I believe that, while many of the above axiomatic elements of modern machine learning seem foundational and unshakable, most are likely to be obsolete within decades. Before you disagree with that last sentence, think of what futures a horse-drawn cab driver or an 1890s urban planner would have predicted. Consider also what sort of futures that expert systems developers and Lisp machine engineers from past decades of AI research would have sketched. (Would they have mentioned MDPs?)7

You may not agree that all or most of the above concepts are about to be subverted any time soon. If you do agree that any foundational axiom A has the chance of disappearing, though, it is imperative that 1) your safety questions are still relevant, and 2) your technical solutions are successful both in a world where $A$ holds and $\neg A$ holds.

The argument I am suggesting here is different from the standard “technical gap” argument.8 I am instead pointing out a paradigmatic gap: the technical solutions we develop now may be fatally attached to the current technological paradigm. Let $T_S$ be the future time at which long-horizon AI safety risks – say, prosaic AGI or superintelligence – become a reality.

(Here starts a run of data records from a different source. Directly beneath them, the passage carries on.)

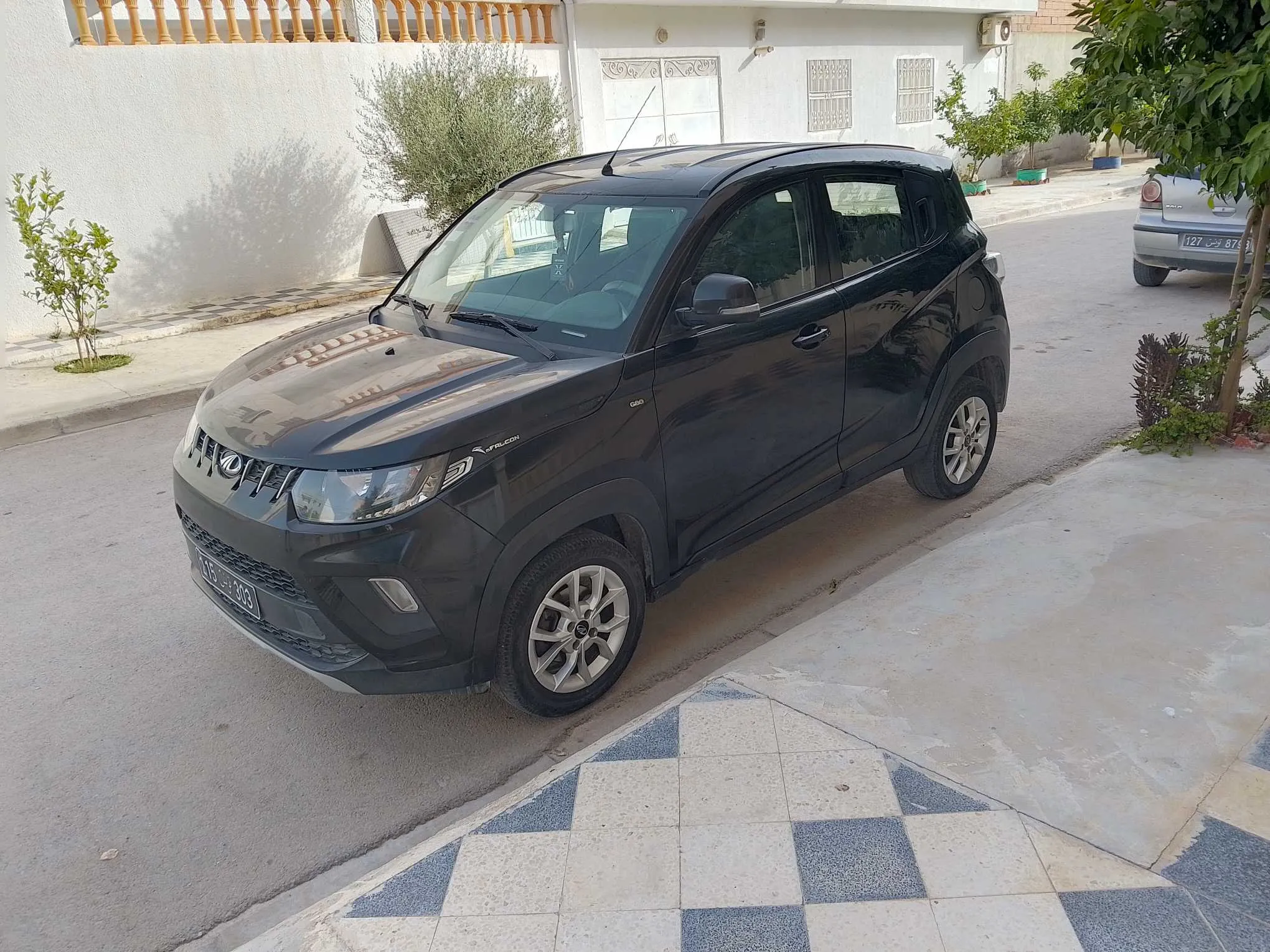 mahindra kuv100 très propre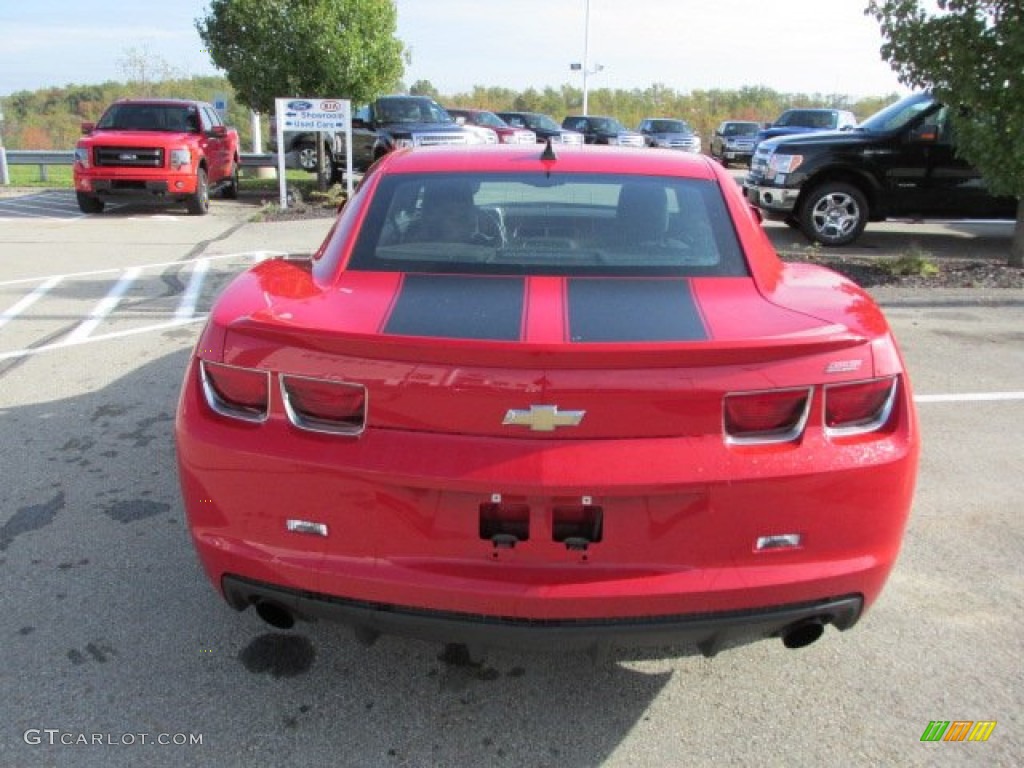 2011 Camaro SS Coupe - Victory Red / Black photo #10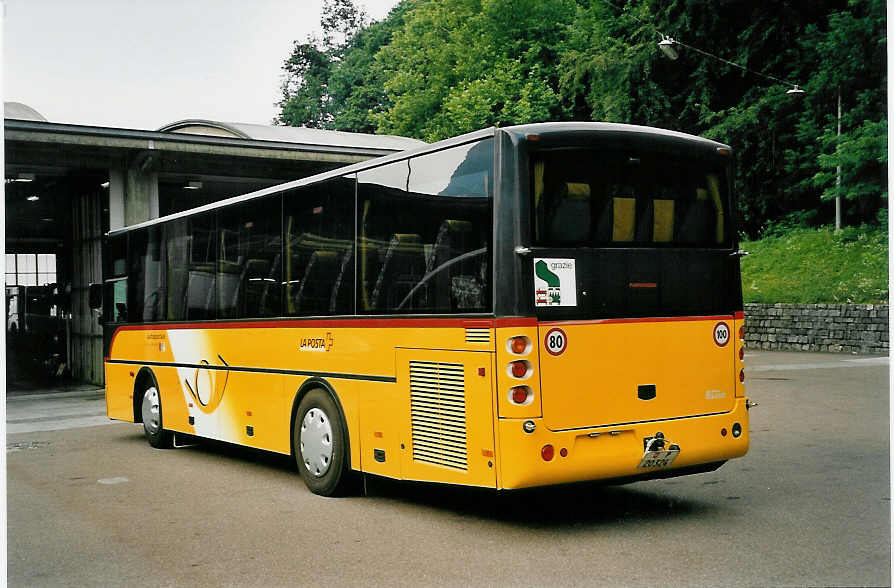 (054'810) - PTT-Regie - (P 23'251) P 20'324 - Rizzi-Bus am 23. Juli 2002 in Lugano, Garage TPL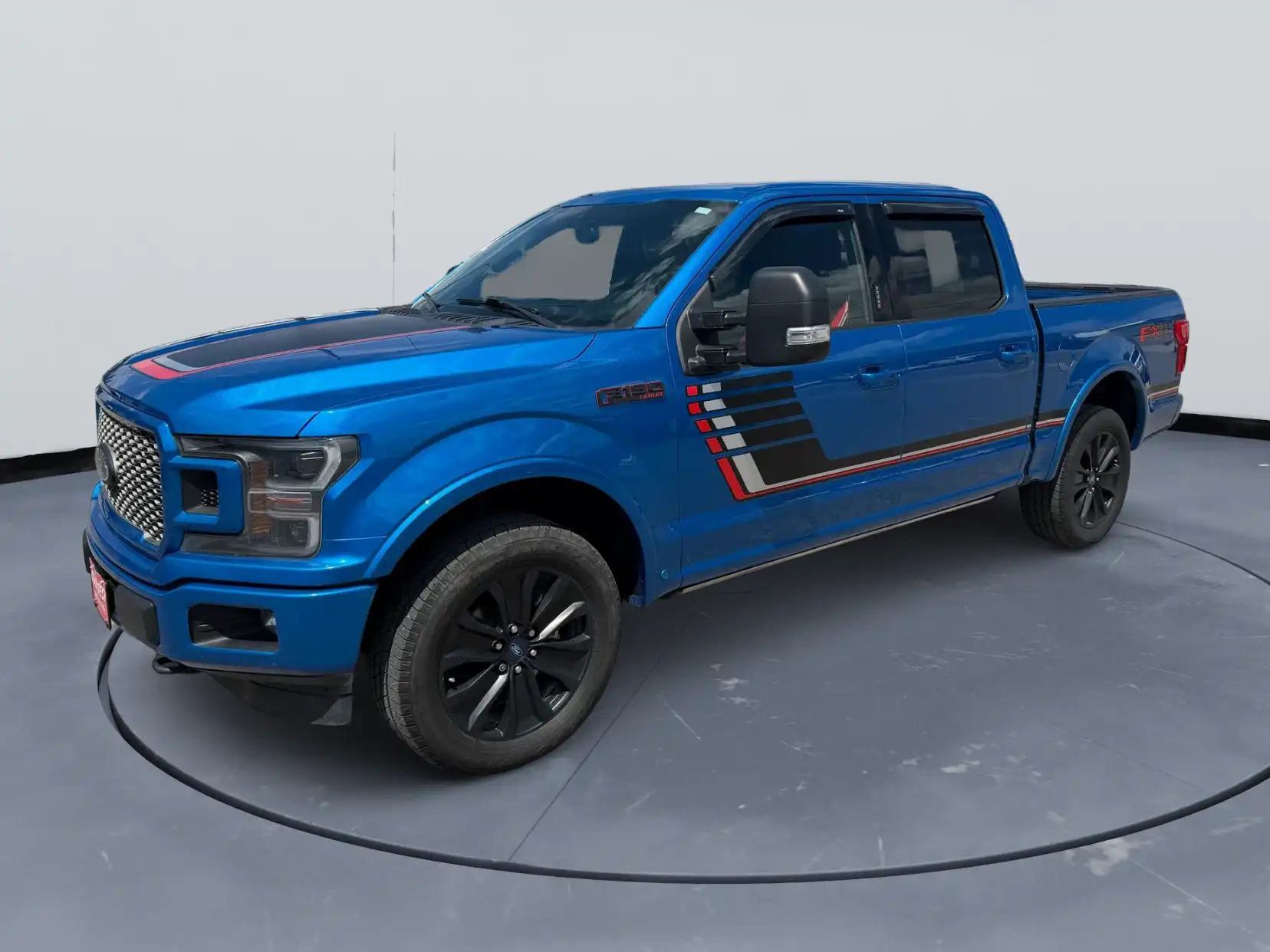 2020 Ford F-150 Lariat 4x4 SuperCrew 145 in's photo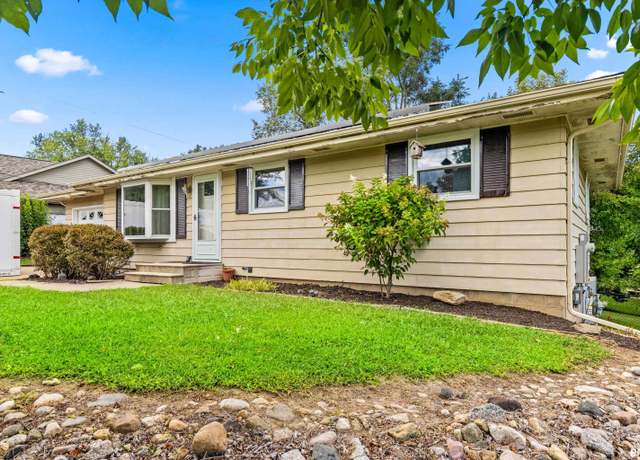 Property at 5227 W Airways Rd, Peoria, IL 61607, 3 beds, 1 bath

Here are two consequences of granting this as a possibility:

1. Our current technological paradigm may mislead us to consider safety problems that won’t be at all relevant at $T_S$, due to paradigmatic change.

Excrement evacuation seemed like a pressing issue in the late 19th century; the problem is entirely irrelevant in the present-day automobile paradigm. We instead deal with an entirely different set of modern automobile safety issues.

The task of scalable reward specification likewise appears critically important to the mid-term and long-term AI safety crowds. Such a problem is only relevant, however, if many of the paradigmatic axioms from the previous section hold (at least #2–5).

2. Technical solutions developed now may be irrelevant at $T_S$. Even if the pressing safety issues overlap with the pressing safety issues at $T_S$ (i.e., #1 above doesn’t hold), it’s possible that our technical solutions will still be fatally tied to elements of the current paradigm.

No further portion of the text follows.